I have an aunt who always rejects every gift people want to send her. Her excuse is that she doesn't want to burden people and 'owe' people anything. At the first glance, it looks like independence, but as I see it, she's blocking people's happiness.
I, on the other hand, as a backpacker with a decent level of shamelessness, received a lot of kindness (and gifts) from people. When I went backpacking /couchsurfing, I received free bed, free food, sometimes gifts, I got a free huge jar of honey from a bee farm owner in east Europe, a box of strawberries in a hot summer day in Paris, a beautiful shawl in a cold winter night in Seoul, expensive concert tickets, amusement park entrance tickets from people I didn't even know. I call them beautiful strangers :) Once I even got a free express train ride from Berlin to Stuttgart (which would cost me around 100 Euro). Well, I'm cheap, hehe, so I smiled and accepted everything. It's not that I wanted to extort any benefits from others, it's because I know the fact that it's nice to give. I really think we have a natural necessity to give.. Giving brings us happiness and I want the givers to be happy by accepting their kindness.
I believe that we are all somehow connected in a circle. Yes, I owe the beautiful strangers their kindness, thats why I'll pay it forward to other beautiful strangers. Ironic as it is, the more I received, the more I can give.A Parisian strawberry seller who gave me a box of fresh strawberries in a hot summer day prompted me to give my snickers bar to a stranger I saw crying in a berliner subway. The smile on her teary face warmed the dim subway compartment. The free dinners I received made me buy a cheese burger for a hungry old homeless man. The free tickets I got made me give away my unused subway tickets to strangers wanting to buy their tickets at the machines.And it goes on in the circle.
Once I organized a donation for an orphanage, I literally asked my friends to give, pestering them and extorting money from them. And they smiled, hugged me and said "Thank you for giving me a chance to give." It made me realize, we DO have a necessity to be kind and give.As I see it, the most depressed people are those who are self centered and always wanting to receive/take.
A while ago, I read a story about Dalai Lama when he was still in Tibet. He used to travel to poor villages, accompanied sometimes by international journalists. During his travels, he always received gifts from people. Once he was in a very poor village, and an old lady, wearing torn off clothes gave him a skirt. The american journalist burst out in anger and told him,"You live in a golden palace, why did you receive this gift from this poor old lady who's in a much worse condition than yours? You preached about compassion and kindness, and what is this??"
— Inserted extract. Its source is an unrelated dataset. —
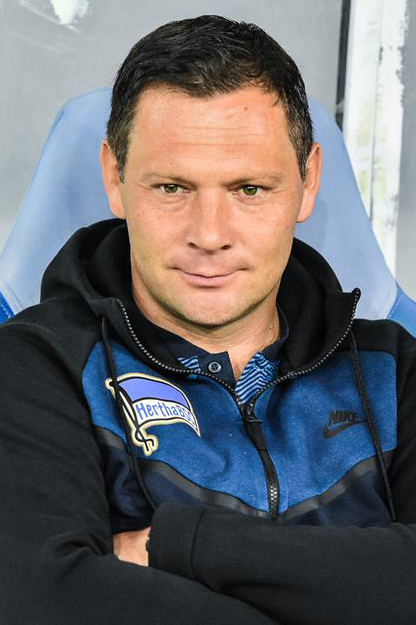 Dárdai Pál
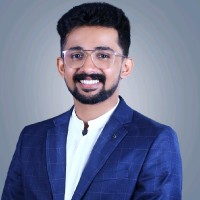 Akash Mukundan K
Dalai Lama answered,"Yes, But that woman needed to give me the skirt more than she needed to wear it."
I used to refuse my mom's gifts as she likes to shower me with expensive things: diamonds, pearls, branded bags, etc, which I don't need. But then I thought to myself, maybe this is how she shows her love to me. So a few weeks ago, when she bought me a Tiffany bracelet, I smiled, hugged her and said thank you.
In our society, we were always taught that we should give and not receive. But have we ever thought of enabling people to give? Making them feel happy by receiving their gifts, accommodating their needs, instead of our own ego/ 'independence'?